Unmeasured positive consequences of iodine supplements given to mothers were not considered in any of the articles. These include other changes in mothers that might affect mental outcomes in their children. Mothers with better iodine status, and therefore thyroid function, might be more energetic and less depressed [86,87]. This may in turn lead to more positive and stimulating interactions with their infants. In most low-income and middle-income countries, children receive low levels of stimulation via conversation and play materials [17]. Use of the HOME Inventory worldwide has now established that low levels of stimulation strongly predict low levels of mental development in children [88]. Likewise, in some regions mothers low in positive emotion tend to provide poorer diets and stimulation to their children resulting in lower weight, height, and mental development [89,90]. Because none of the reviewed studies examined mothers’ parenting practices after delivery, we cannot determine how much of the difference is explained by the child’s iodine sufficiency and how much is explained by the mother’s provision of positive stimulation rather than the child’s iodine sufficiency.

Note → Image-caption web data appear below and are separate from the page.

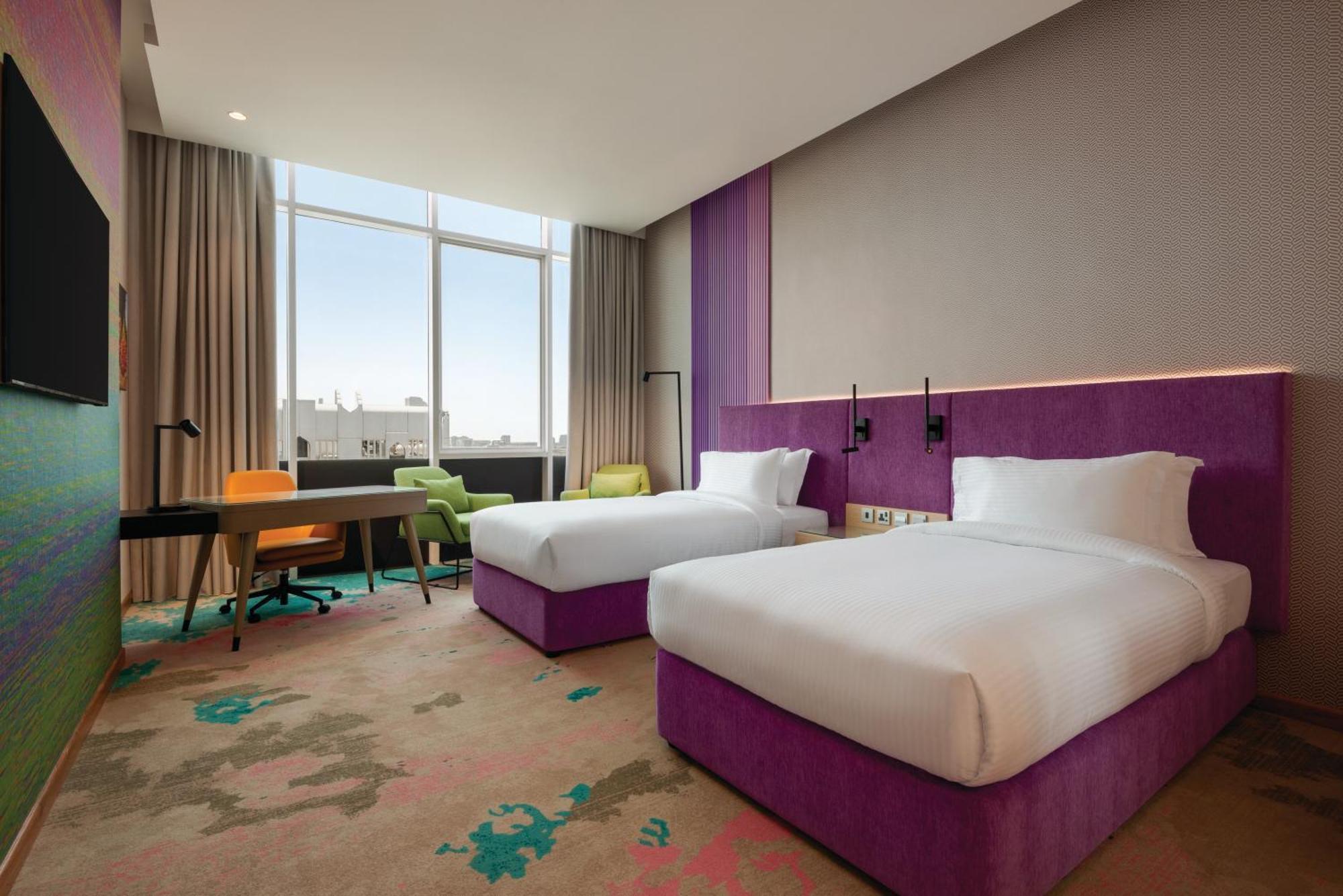La Quinta By Wyndham Abu Dhabi Al Wahda Hotel Екстериор снимка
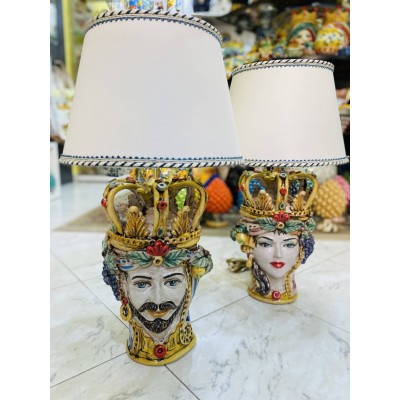 Caltagirone Moor-Kopflampe mit Empire-Modellkrone, antike Craquelè-Emaille – ca. H 55 cm (1 Stück) - 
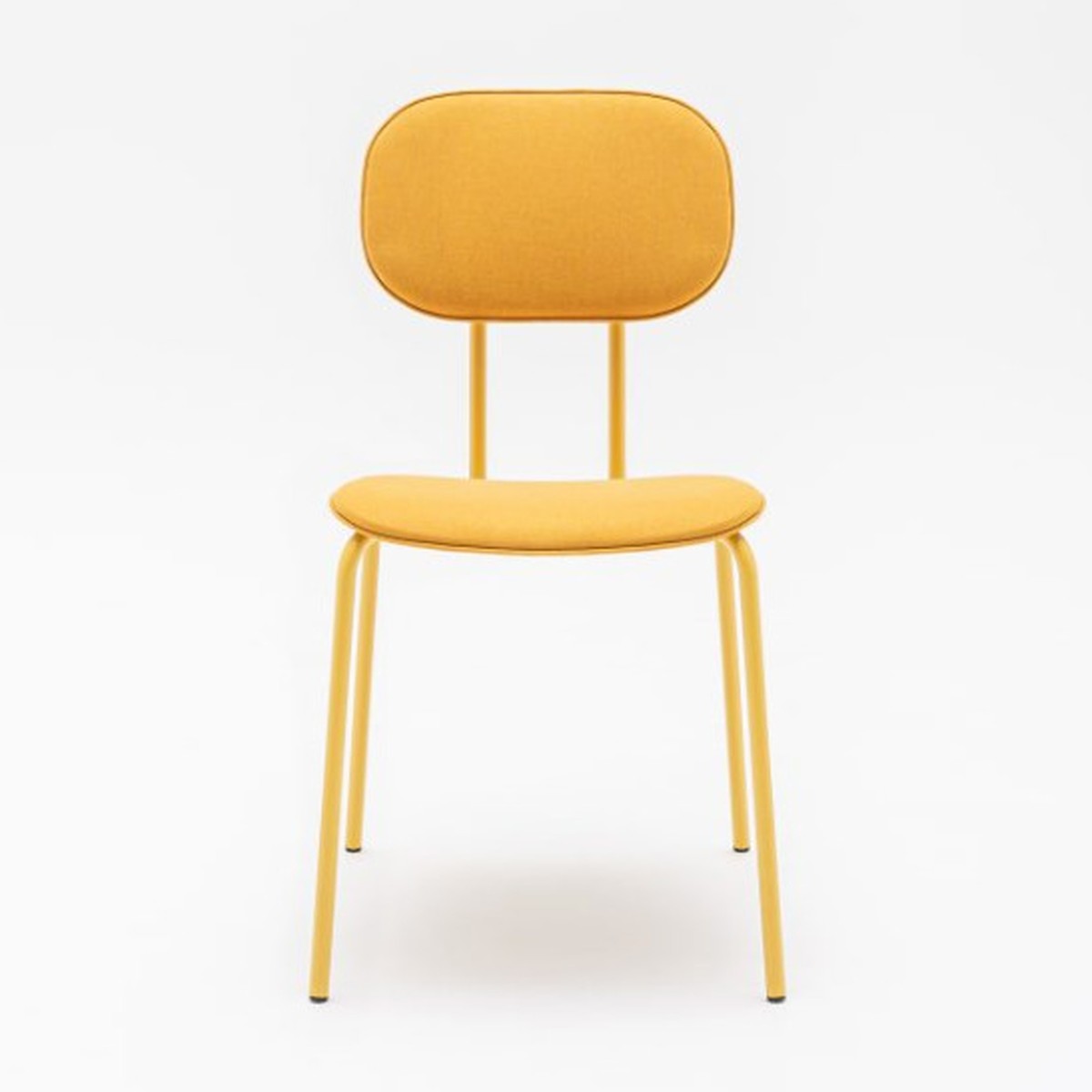 Chaise de réunion New School tapissée jaune sur 4 pieds jaunes, vue de face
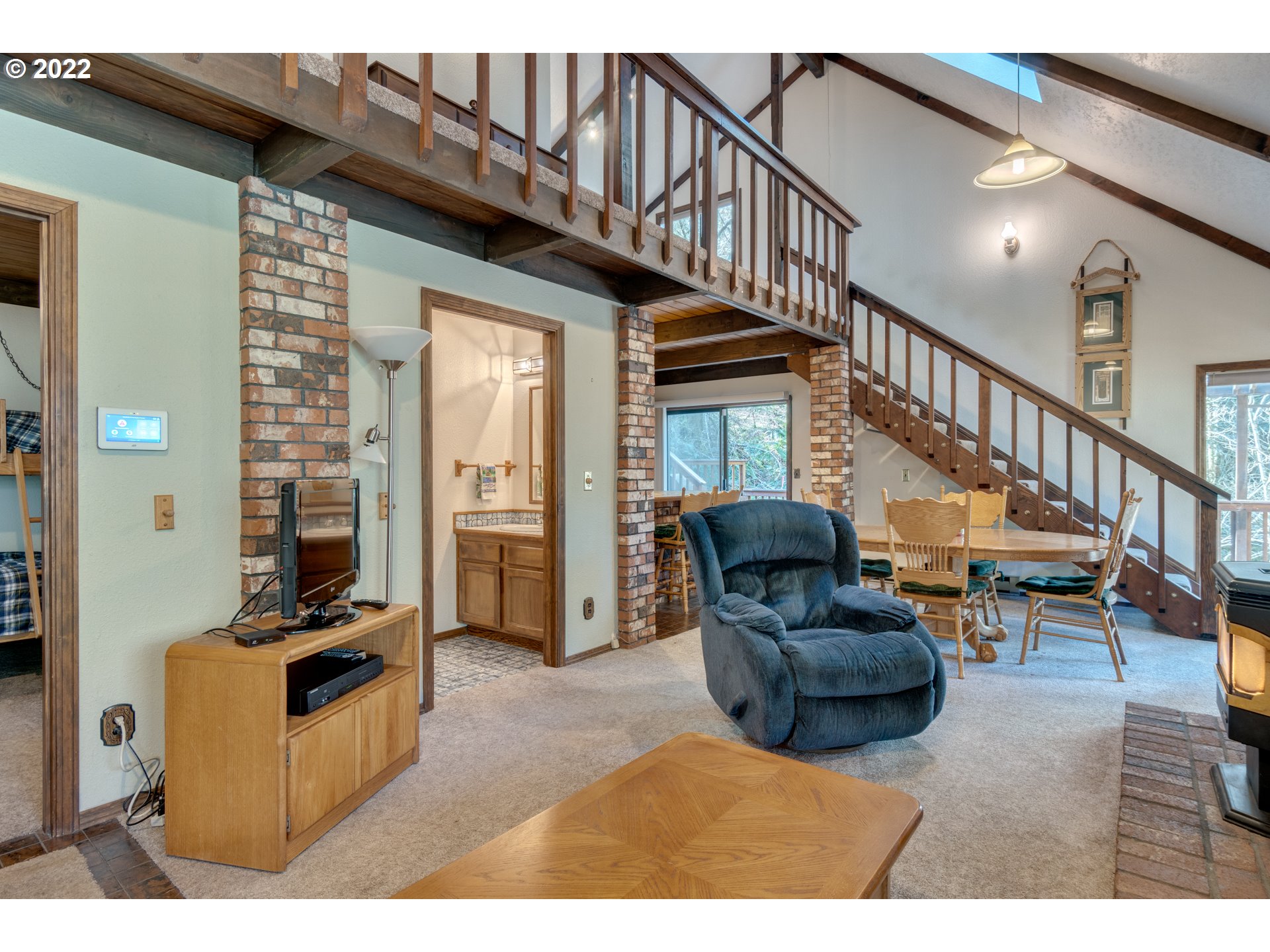 71147 East Jennie Lane Rhododendron, OR 97049 - Photo 6 of 29 Gallery Image 6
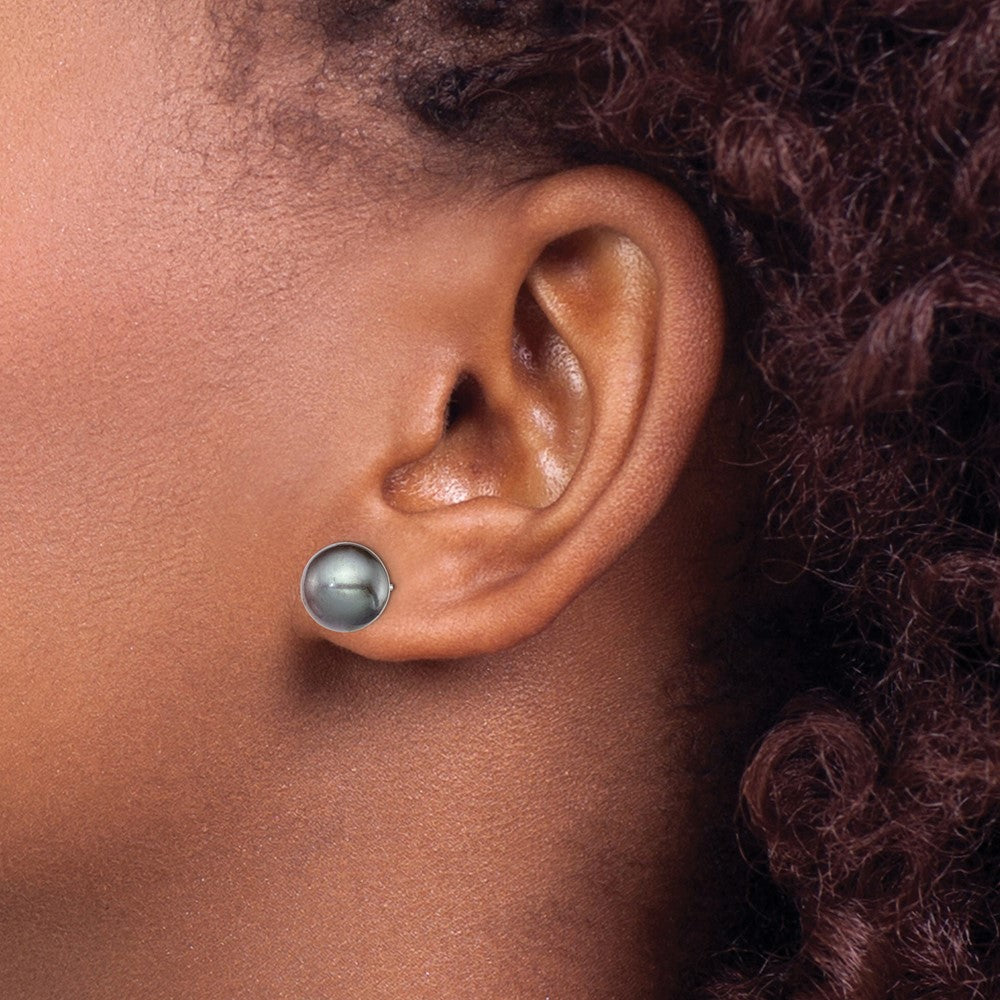 QE12705 Sterling Silver Rhodium-plated 9-10mm Black Round Freshwater Cultured Pearl Post Earring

Finally, only two studies reported here addressed levels of iodized salt in the diets of mothers [47,48]. It is assumed that the studies providing supplementation were in areas with little or no access to iodized salt. Supplementation was in the form of an injection or capsule which provided enough iodine for a year or more. However, capsules are a short-term intervention, not a long term solution to the problem of endemic iodine deficiency. In contrast to studies reported here and other meta-analyses, the meta-analysis of 37 studies from China mainly compared samples that differed in their access to iodized salt [26]. Universal salt iodization is recommended by WHO and UNICEF for the sustainable elimination of iodine deficiency in all countries where iodine deficiency disorders are of public health concern [91]. Despite the success of salt iodization programs in many countries around the world, some countries still have low coverage of adequately iodized salt [92]. In settings where a large proportion of the population does not have access to adequately iodized salt, WHO and UNICEF recommend high dose iodine supplementation for the most vulnerable groups as an interim measure until salt iodization can be scaled up. Additional research and recommendations suggest the need to complement iodized salt, when it has been used for a short time only or when of low quality, with iodine supplementation in women of child-bearing age [93,94]. To determine if iodized salt in the maternal or child diet has the same effects on mental development as high dose supplementation, effectiveness research will have to take place in these countries.

5. Conclusions

Our review found that regardless of study design, iodine deficiency had a biologically important impact on, or association with, mental development. We believe that the best estimate to date of the effect size of iodine supplementation on mental development in children 5 years old and under is 0.49, which translates into 7.4 IQ points lost due to iodine deficiency. Although these intervention studies had relatively rigorous designs and used age-appropriate mental development tests, results must be interpreted with caution due to various limitations in study design and analysis including small sample size and possible attrition, lack of accommodation for intra-cluster correlation, and inattention to confounding variables. The observational studies, albeit a weak design, support the idea that iodine is important for mental development, and provide similar effects sizes as the intervention studies. To further quantify the importance of iodine for mental development in young children, this review points to the need for well-designed randomized controlled trials with adequate sample sizes as well as studies that assess the effectiveness of iodized salt.